When I toured with Elton John, I had to make sure the pickups on all my guitars were potted and waxed so they wouldn’t squeal at high concert volumes. That included a Burns electric 12-string, a 1970 Les Paul and my signature Telecasters. In the Desert Rose Band, I carried quite a number of guitars and had to adjust the pickup heights on all my guitars so they all sounded good through the same amplifier setup. In the Hellecasters, I had to work really hard to get a Telecaster tone that would cut through two other Telecasters. The G&L ASAT worked really well in that context.
Bonnie Raitt is a really sensitive musician. She gets an amazing tone out of her slide, and she’s just using a basic Strat. There’s a great example of the tone coming out of her fingers and her heart. You could put almost any decent guitar in Bonnie’s hands and it’s going to sound like her.
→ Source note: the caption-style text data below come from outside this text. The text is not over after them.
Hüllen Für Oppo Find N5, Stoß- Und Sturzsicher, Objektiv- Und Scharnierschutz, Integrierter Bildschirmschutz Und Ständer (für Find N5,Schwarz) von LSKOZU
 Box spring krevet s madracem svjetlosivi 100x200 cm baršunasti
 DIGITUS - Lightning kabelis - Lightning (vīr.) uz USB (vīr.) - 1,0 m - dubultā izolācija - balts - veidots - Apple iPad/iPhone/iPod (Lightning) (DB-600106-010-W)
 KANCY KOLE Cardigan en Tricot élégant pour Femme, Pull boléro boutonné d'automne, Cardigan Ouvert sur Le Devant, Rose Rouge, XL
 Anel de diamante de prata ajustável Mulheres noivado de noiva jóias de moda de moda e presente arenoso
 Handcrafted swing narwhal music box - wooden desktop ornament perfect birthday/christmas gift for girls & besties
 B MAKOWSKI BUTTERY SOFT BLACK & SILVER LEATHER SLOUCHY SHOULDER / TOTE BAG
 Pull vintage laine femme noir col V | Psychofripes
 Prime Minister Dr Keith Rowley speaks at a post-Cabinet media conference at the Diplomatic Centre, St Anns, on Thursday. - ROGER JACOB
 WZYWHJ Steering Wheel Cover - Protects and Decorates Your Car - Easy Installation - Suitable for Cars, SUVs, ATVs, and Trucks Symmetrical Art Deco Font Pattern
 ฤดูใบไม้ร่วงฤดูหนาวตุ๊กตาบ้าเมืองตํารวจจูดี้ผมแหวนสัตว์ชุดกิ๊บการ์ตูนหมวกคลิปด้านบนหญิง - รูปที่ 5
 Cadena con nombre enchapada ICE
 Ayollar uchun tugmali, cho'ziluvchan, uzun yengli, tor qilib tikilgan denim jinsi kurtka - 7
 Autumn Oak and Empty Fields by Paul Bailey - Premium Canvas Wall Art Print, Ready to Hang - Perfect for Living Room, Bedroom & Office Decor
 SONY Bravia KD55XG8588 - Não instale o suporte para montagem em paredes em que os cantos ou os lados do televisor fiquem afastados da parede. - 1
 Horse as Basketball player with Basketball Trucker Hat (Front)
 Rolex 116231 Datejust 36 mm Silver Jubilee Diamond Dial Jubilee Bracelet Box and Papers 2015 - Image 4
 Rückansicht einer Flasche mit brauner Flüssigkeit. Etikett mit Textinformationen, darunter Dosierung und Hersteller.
When I recorded with Bonnie, I went for a neck-position humbucking sound on the ASAT. I was going for a full, clean sound to stand out from her bright tone quality. Bob Dylan likes to play a very aggressive clean sound. He likes to plug a Strat into a Twin Reverb amp and play with a very strong attack. I went for a smoother sound on my Rickenbacker six-string to complement that. Roger McGuinn had that beautiful signature 12-string Rickenbacker sound, so it was up to me to stay away from that sonic territory when I was creating tones for his record. I ended up using P-90s on a custom Epiphone Casino. The P-90 is just a great rock ’n’ roll pickup.
Best way to deal with single-coil hum?
It really helps to find the right angle in relation to your amp. Basically, you try to find the right place to stand. You just slowly go around in a circle and listen for the hum to get quieter. If you have a lot of gain/distortion, it helps to use your tuner pedal or a mute pedal when you’re not playing—and then turn it on right before you play again.
There’s a lot to learn.
That’s what’s great about playing electric guitar—you can really get in deep if you want. You can be a beginner and just plug in and rock out. But as you learn more, you can get more into the details—the pickups, the strings, the amps and speakers. It’s a never-ending quest. But that’s what makes it challenging and fun. I’ve been doing this for a long time—I got my first guitar in 1968—and I still love it. I’m still fascinated by pickups and pedals and different playing styles.